Although rarely done, in the past few years, several Connecticut public school districts have been featured in the news for seeking criminal remedies against parents for theft of educational services. Parents who allegedly enrolled and sent their child to a school located in a town or city other than the one where the child actually resided were referred to the police. On June 24, 2013, Governor Malloy signed into law Substitute House Bill No. 6677/ PA-13-211 an Act Excluding School Accommodations from Services That Are Subject to Larceny Statute. The law, effective October 1, 2013, repeals and replaces subsection (a) of C.G.S. 53a-118, a definitional section under which Connecticut police have derived authority to arrest parents who engage in theft of services from school districts. Under the repealed law, the term “services” was interpreted to include school accommodations. Under the revised C.G.S. 53a-118, “school accommodations” are specifically excluded from the definition of “services”. This change appears to decriminalize the behavior.

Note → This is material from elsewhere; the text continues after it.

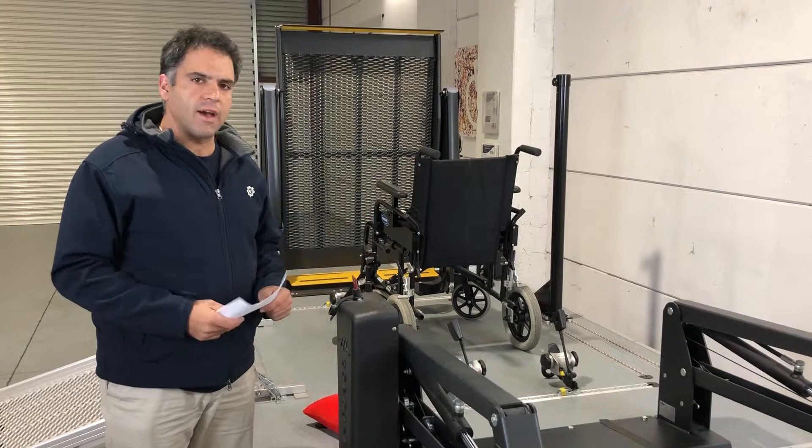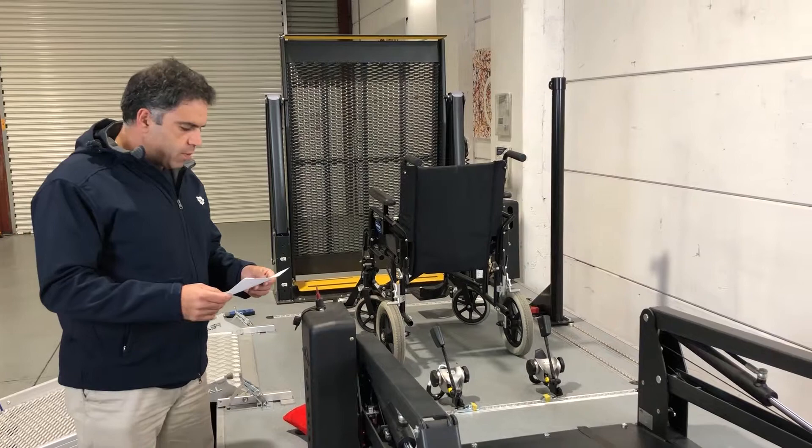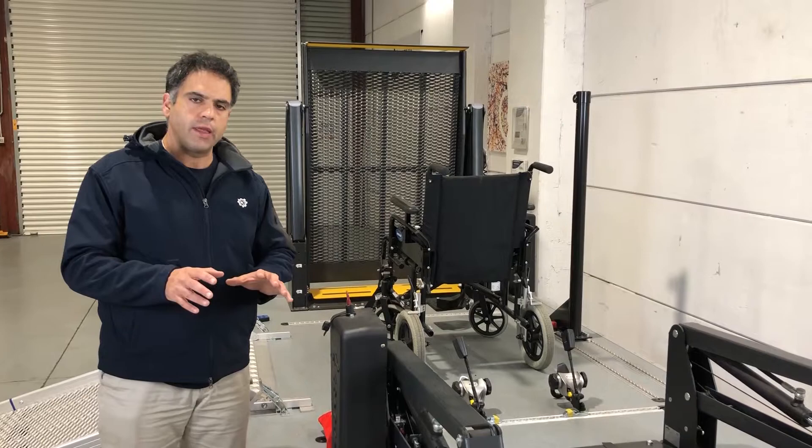Today's question is all about restraints. I've got you up here at our rig with the restraints because today's question talks about crisscrossing the restraints for wheelchairs from the back. So the question is: can we crisscross the restraints, and if not, why not? And how do we tension the restraints? First, I'll explain what the crisscross is.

The new legislation seems to reflect the public outcry expressed in news articles and opinion pieces against those school officials that opted to take criminal action against offending parents. The public admonishments were notably strongest when the parents selected for prosecution appeared to be a member of a minority or might be considered economically disadvantaged. The parents’ actions were often described in the press as understandable parental concern where the parent sought enrollment for their child in a school district known for better school accommodations than the one in which their child resided. This public expression of disapproval hints not so subtly, at a bigger longstanding concern in Connecticut-that of educational equity and parity for all Connecticut public school students regardless of their race, wealth or the size of their school district.
But where does this recent change in the law leave school districts? What are districts’ rights and responsibilities in residency cases? Boards of Education continue to be obliged under the state law to provide free public school accommodations to those children who reside in the school district who are five years of age and over and under twenty-one years of age and who have not graduated a high school or technical high school. Boards continue to be required to provide due process to the parents of those students to whom school accommodations are denied. Due process includes notice, possible multiple hearings and appeals. If a parent is unsuccessful in proving eligibility for school accommodations, the Board may still attempt to recoup tuition costs from the parents of students who received free accommodations through debt collection measures. But now, C.G.S. 53a-118 removes from a school district’s arsenal the option of referral to police for theft of school accommodations.
The problem of theft of school accommodations will continue to exist and school districts are urged to report concerns and suggestions for workable solutions or changes to state residency laws to Connecticut state education advocacy groups and state legislators.